What is reaperdoesntknow/Qwen3-1.7B-Distilled-30B-A3B?
This is a 1.7 billion parameter causal language model, part of the Qwen3 family, developed by Convergent Intelligence LLC: Research Division. It is a distilled version of the larger Qwen3-30B-A3B-Instruct teacher model, specifically trained on 6,122 STEM chain-of-thought samples.
Key Differentiators & Training Methodology
Unlike standard knowledge distillation, this model employs a novel discrepancy-informed knowledge distillation (DISC) approach. This methodology focuses on the internal structure of reasoning by:
- Discrepancy-Weighted KD: Identifying and amplifying learning on "reasoning pivot tokens" where the derivation changes technique or introduces key concepts, rather than treating all tokens uniformly.
- DG-Limit Smoothing: Stabilizing training by smoothing high-entropy (unstable) student tokens to ensure more coherent local representations.
- Gap Energy Monitoring: Tracking structural divergence to prevent degradation of reasoning transitions, even if average loss improves.

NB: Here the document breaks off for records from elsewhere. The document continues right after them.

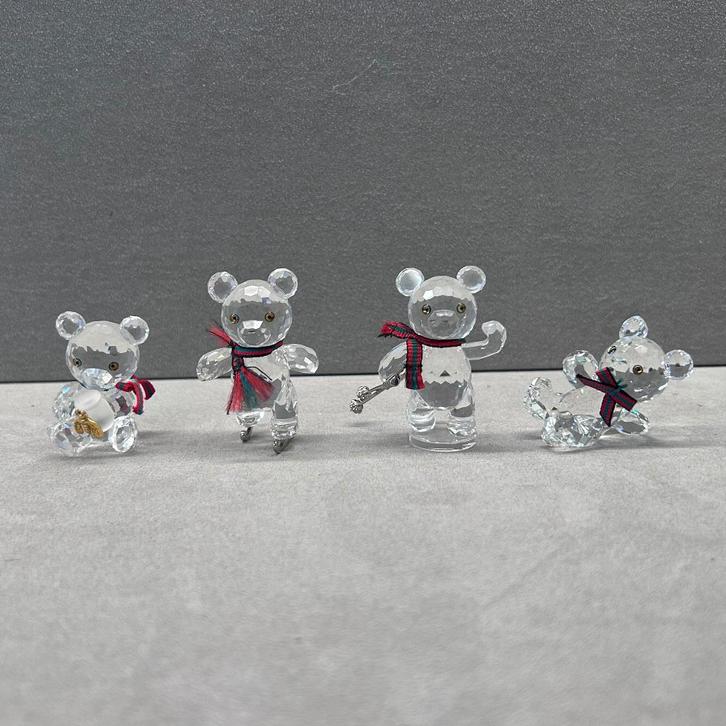 Swarovski Set van 4 Kris Beertjes, Collections, Swarovski, Neuf, Figurine, Enlèvement ou Envoi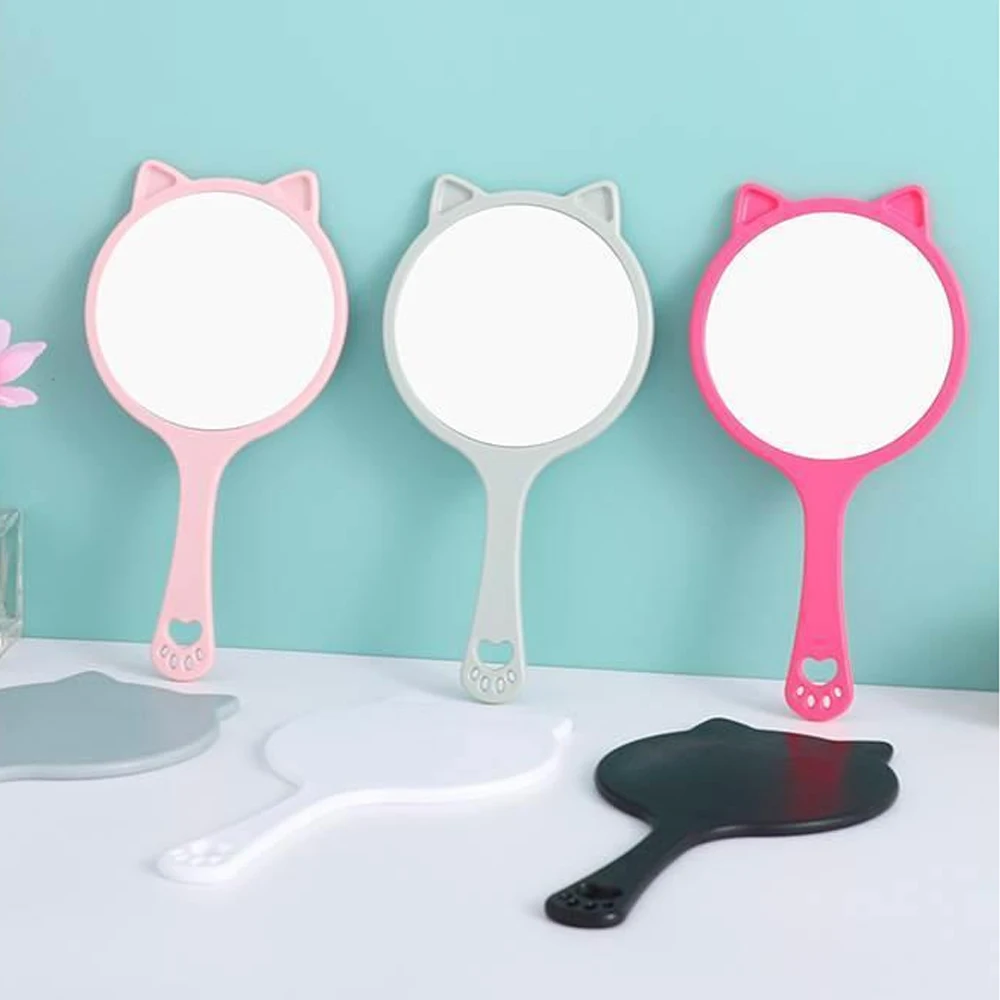 10pcs Dental Clinic Mirror Dental Profile Mirror Plane Mirror Handheld Mirror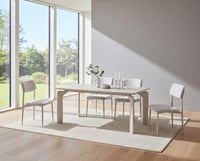 طقم طاولة طعام "سكاي لاين" رخامي بـ 6كراسي مخمل لو...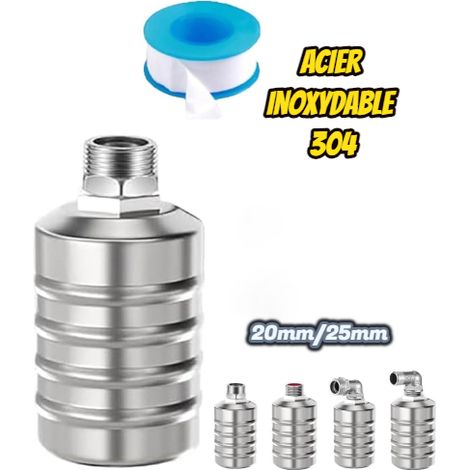 Automatisches Schwimmerventil Aus Edelstahl 304 – Wasserstandsregelung 10-150 Psi – Einfache Installation Für Tanks Und Schwimmbecken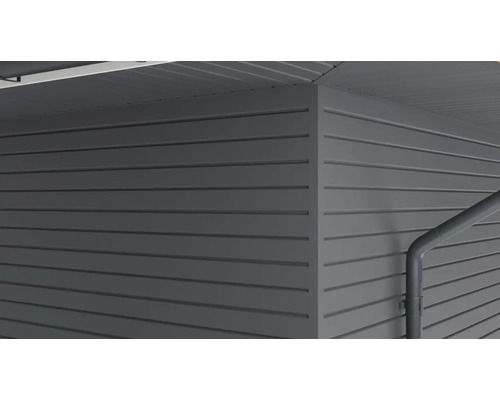 Detail obkladu s perom a drážkou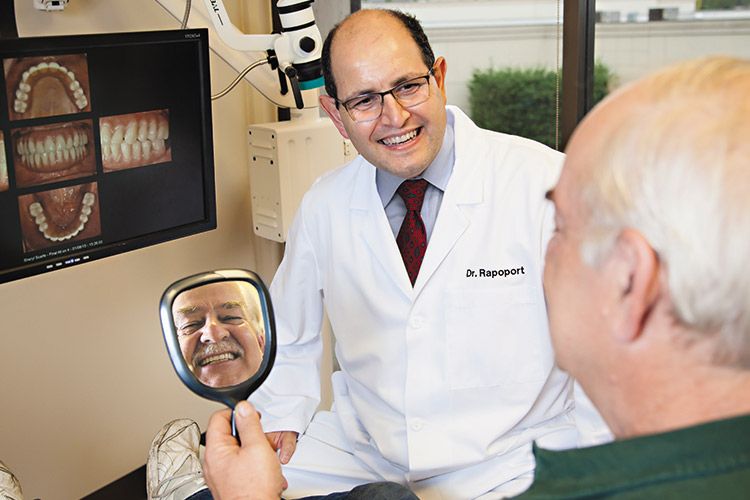 Dr. Rapoport with patient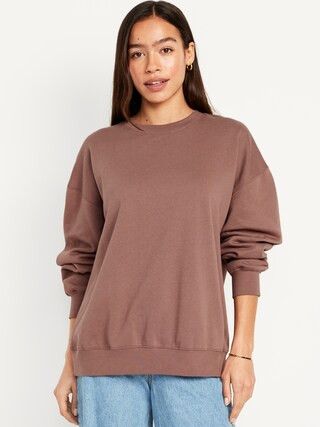 Oversized Tunic Sweatshirt | Old Navy (US)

Additionally, it uses proof-weighted cross-entropy, giving higher importance to tokens within the derivation span (from Proof: to Final Answer:), with emphasis decaying from 2.5x to 1.5x during training. This ensures the model prioritizes derivation quality over mere answer formatting.
Model Details
- Architecture: Qwen3 causal language model
- Parameters: ~2.031 billion
- Base Model: Qwen/Qwen3-1.7B
- Teacher Model: Qwen/Qwen3-30B-A3B-Instruct-2507
- Training Context Length: 1024 tokens
Intended Uses
This model is particularly well-suited for:
- Mathematical derivations and worked solutions
- Proof-style explanations in STEM fields
- Physics and engineering problem-solving
- Educational tutoring and STEM walkthroughs
- Lightweight reasoning deployment where larger models are too expensive
- Generator components in verifier-generator or retrieval-augmented reasoning systems.